To choose the best filter for each row, an encoder would need to test all possible combinations. This is clearly impossible, as even a 20-row image would require testing over 95 trillion combinations, where "testing" would involve filtering and compressing the entire image.

Compression levels are normally defined as numbers between 0 (none) and 9 (best). These refer to tradeoffs between speed and size, and relate to how many combinations of row-filters are to be tried. There are no standards as regarding these compression levels, so every image-editor may have its own algorithms as to how many filters to try when optimizing the image-size.

Compression level 0 means that filters are not used at all, which is fast but wasteful. Higher levels mean that more and more combinations are tried on image-rows and only the best ones are retained.

I would guess that the simplest approach to the best compression is to incrementally test-compress each row with each filter, save the smallest result, and repeat for the next row. This amounts to filtering and compressing the entire image five times, which may be a reasonable trade-off for an image that will be transmitted and decoded many times. Lower compression values will do less, at the discretion of the tool's developer.

In addition to filters, the compression level might also affect the zlib compression level which is a number between 0 (no Deflate) and 9 (maximum Deflate). How the specified 0-9 levels affect the usage of filters, which are the main optimization feature of PNG, is still dependent on the tool's developer.

The conclusion is that PNG has a compression parameter that can reduce the file-size very significantly, all without the loss of even a single pixel.

Sources:

Wikipedia Portable Network Graphics
libpng documentation Chapter 9 - Compression and Filtering




ANSWER 5

Score 5


OK, I am too late for the bounty, but here is my answer anyway.

PNG is always lossless. It uses Deflate/Inflate algorithm, similar to those used in zip programs.

Deflate algorithm searches repeated sequences of bytes and replaces those with tags. The compression level setting specifies how much effort the program uses to find the optimal combination of byte sequences, and how much memory is reserved for that. It is compromise between time and memory usage vs. compressed file size. However, modern computers are so fast and have enough memory so that there is rarely need to use other than the highest compression setting.

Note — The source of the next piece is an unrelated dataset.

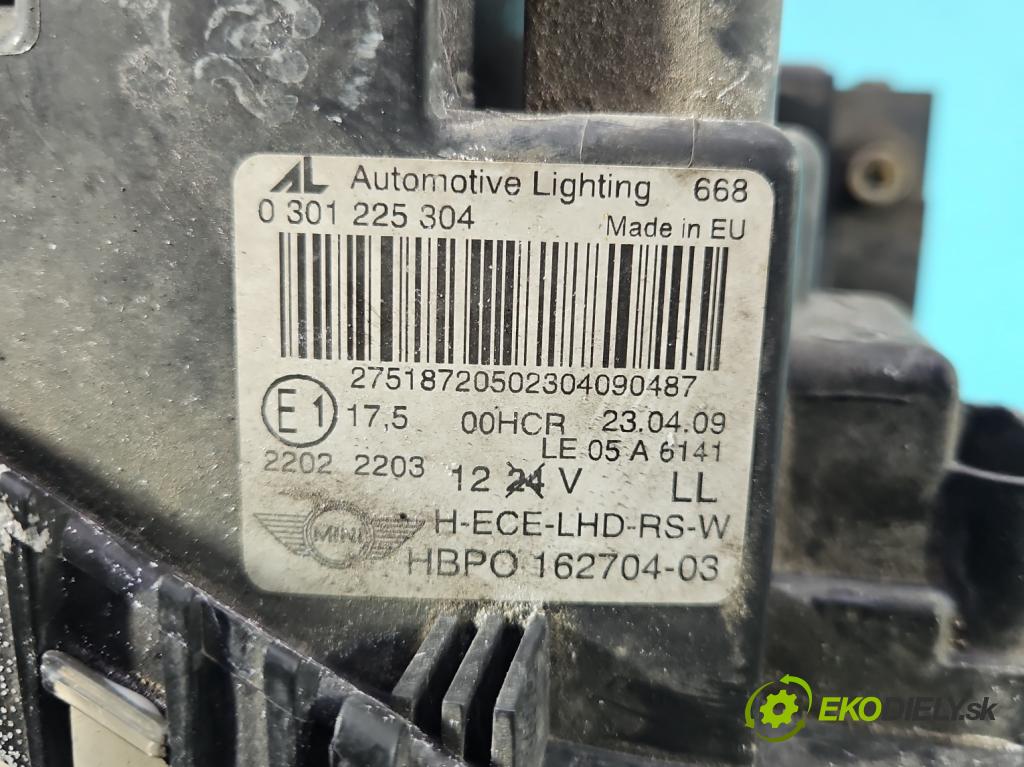 Mini One II 2006-2013 1.4 16V 95 HP manual 70 kW 1397 cm3 3- Reflektor: pravý 0301225304 (Svetlo predné pravé)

Many PNG implementations use zlib library for compression. Zlib has nine compression levels, 1-9. I don't know the internals of Gimp, but since it has compression level settings 0-9 (0 = no compression), I would assume this setting simply selects the compression level of zlib.

Deflate algorithm is a general purpose compression algorithm, it has not been designed for compressing pictures. Unlike most other lossless image file formats, PNG format is not limited to that. PNG compression takes advantage of the knowledge that we are compressing a 2D image. This is achieved by so called filters.

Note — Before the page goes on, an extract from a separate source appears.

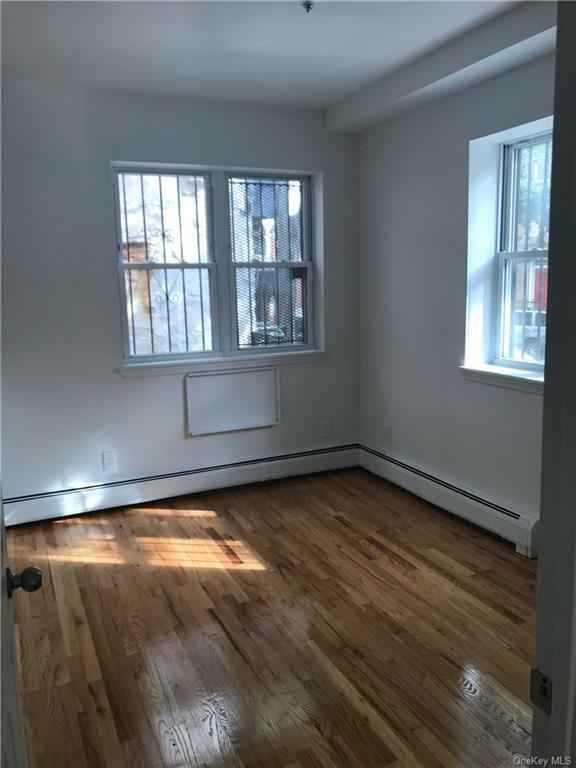 Foto del edificio - 729 E 211th St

(Filter is actually a bit misleading term here. It does not actually change the image contents, it just codes it differently. More accurate name would be delta encoder.)

PNG specification specifies 5 different filters (including 0 = none). The filter replaces absolute pixel values with difference from previous pixel to the left, up, diagonal or combination of those. This may significantly improve the compression ratio. Each scan line on the image can use different filter. The encoder can optimize the compression by choosing the best filter for each line.

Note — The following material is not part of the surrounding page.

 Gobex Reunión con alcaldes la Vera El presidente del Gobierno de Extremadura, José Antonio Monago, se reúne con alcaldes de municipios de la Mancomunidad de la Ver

For details of PNG file format, see PNG Specification.

Since there are virtually infinite number of combinations, it is not possible to try them all. Therefore, different kind of strategies have been developed for finding an effective combination. Most image editors probably do not even try to optimize the filters line by line but instead just used fixed filter (most likely Paeth).

A command line program pngcrush tries several strategies to find the best result. It can significantly reduce the size of PNG file created by other programs, but it may take quite a bit of time on larger images. See Source Forge - pngcrush.